ごく最近まで、ジャン=バティスト・カルポーの大理石彫刻《Pourquoi Naitre Esclave!(なぜ奴隷として生まれたのか!)》(1868)は、ほぼ全てが失われたと考えられていた。縄で縛られた裸の黒人女性の胸像で、フランスの二度目の奴隷制廃止から約20年後に制作されている。奴隷となった人物を描いた19世紀の作品として、最も重要なものの一つだ。

メトロポリタン美術館(ニューヨーク)の企画展「Fictions of Emancipations: Carpeaux Recast(解放のフィクション:カルポーを問い直す)」展示風景(2022年) Photo Anna-Marie Kellen/Courtesy Metropolitan Museum of Art
メトロポリタン美術館(ニューヨーク)の企画展「Fictions of Emancipations: Carpeaux Recast(解放のフィクション:カルポーを問い直す)」展示風景(2022年) Photo Anna-Marie Kellen/Courtesy Metropolitan Museum of Art

2018年、この彫刻の一つが市場に出回り、最終的にパリのクリスティーズに渡った。クリスティーズはカルポーを「奴隷制反対を熱心に訴えた人物」と位置付け、この作品が 「見る者に奴隷制の現実を直視させる」と宣伝した。同作品は、あるアートディーラーが30万ドルを超える額で購入し、ニューヨークのメトロポリタン美術館に売却。2019年に同美術館の正式な所蔵作品となった。メトロポリタン美術館は、1997年に取得したテラコッタ版も所蔵している。

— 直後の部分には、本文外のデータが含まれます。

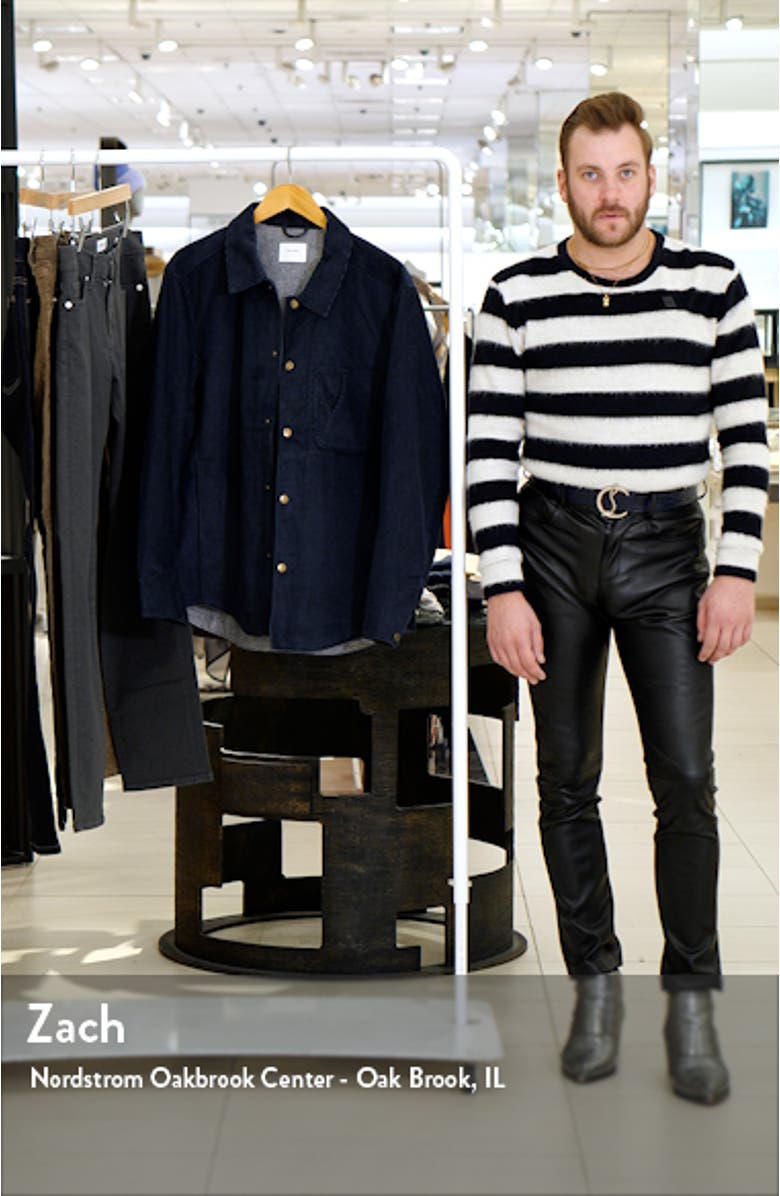 Leroy Corduroy Snap Front Shirt Jacket, sales video thumbnail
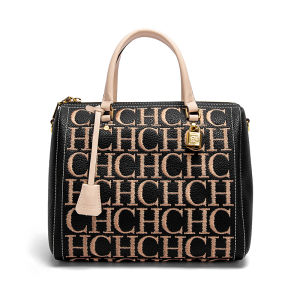 CHCH Womens Shoulder Bag New Embroidered Letter Design Handbag Womens Tote Bag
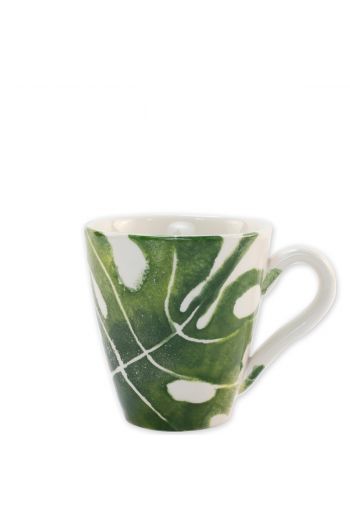 Vietri Into the Jungle Monstera Leaf Mug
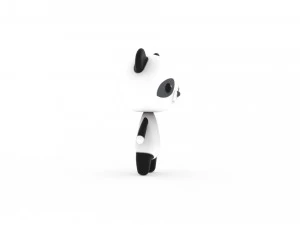 Cartoon Panda v002 3D 3D Model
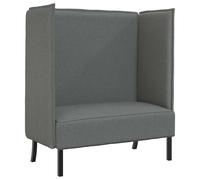 vidaXL Divano alto 101cm Grigio scuro Tessuto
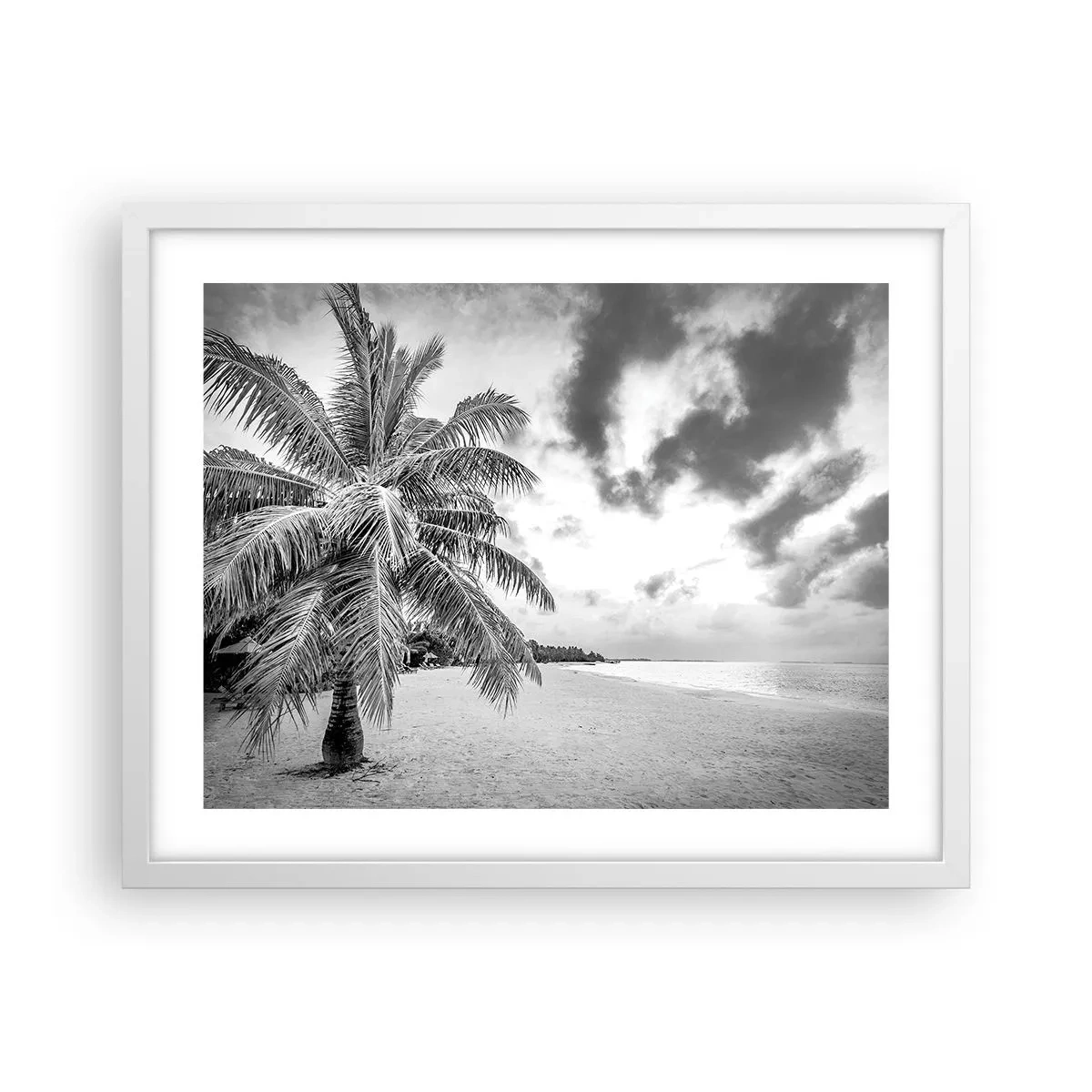 Affiche dans un cadre blanc - Poster - Quand tu aspires à la solitude - 50x40 cm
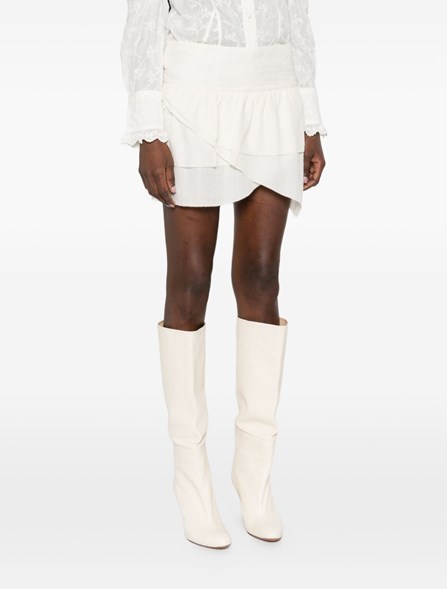 MARANT ÉTOILE - Mini skirt in cotton blend voile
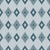 Diamond diagonal grid foulard blanket shirt upholstry scarf – coastal blue teal. Reserved in color this pattern is a perfect standalone or supporting pattern for the mocha mousse collection. A classic with a twist that shines. Image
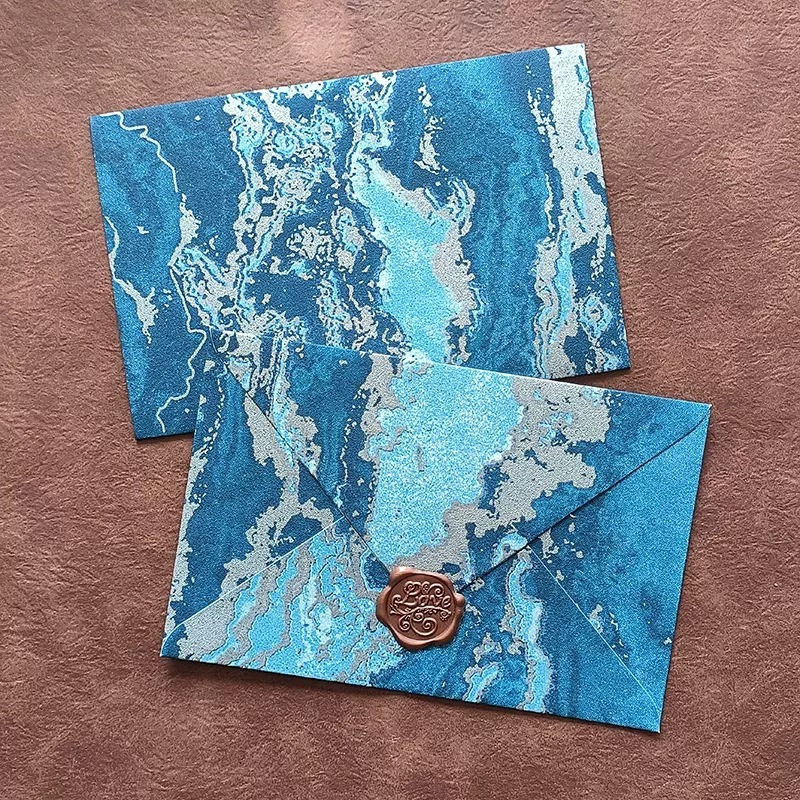 Simple Gilt นูนซองจดหมาย Vintage กระดาษคราฟท์จดหมายแผ่นแสตมป์ซีลสติกเกอร์ DIY คริสต์มาสปีใหม่ของขวัญห่อการ์ดเชิญงานแต่งงานโปสการ์ดปกเครื่องเขียน - รูปที่ 4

《Pourquoi Naitre Esclave!》についてのクリスティーズの説明は、150年以上前の制作時以来、多くの歴史家、美術館、批評家が唱えてきたのと同じ内容だ。しかし、この作品の制作の真相と、作品が生まれた背景は、実はもっと複雑だ。カルポーは制作当時、経済的に困窮していた。その後、1875年に48歳で亡くなるまで、アトリエで同じ彫刻を何体も制作している。カルポーにとっては、フランスで盛り上がっていた奴隷制反対の気運を利用して稼ぎを得る手段だったのだ。

この作品に見られるような緻密な心理描写と生命力あふれる肉体の巧みな表現で、カルポーは名声を得たと言えるかもしれない。しかし、作品のモデルが誰なのかは分かっていない。さらに、西洋で何世紀にもわたり人種差別の道具として使われた、民族学的な彫刻によく似ているという点も見逃せない。こうした彫刻は、植民地のさまざまな民族に対する白人の優位性を主張するのに用いられた。

大理石とテラコッタの《Pourquoi Naitre Esclave!》を中心に据えたのが、メトロポリタン美術館の企画展「Fictions of Emancipations: Carpeaux Recast(解放のフィクション:カルポーを問い直す)」だ。小規模ながらインパクトのある展示で、2023年3月5日まで開催される。この展覧会では、大西洋をまたいで行われた奴隷貿易、植民地主義、フランスと米国の奴隷廃止運動などを扱った19世紀の他の作品と照らし合わせながら、カルポーの作品を批判的に紹介している。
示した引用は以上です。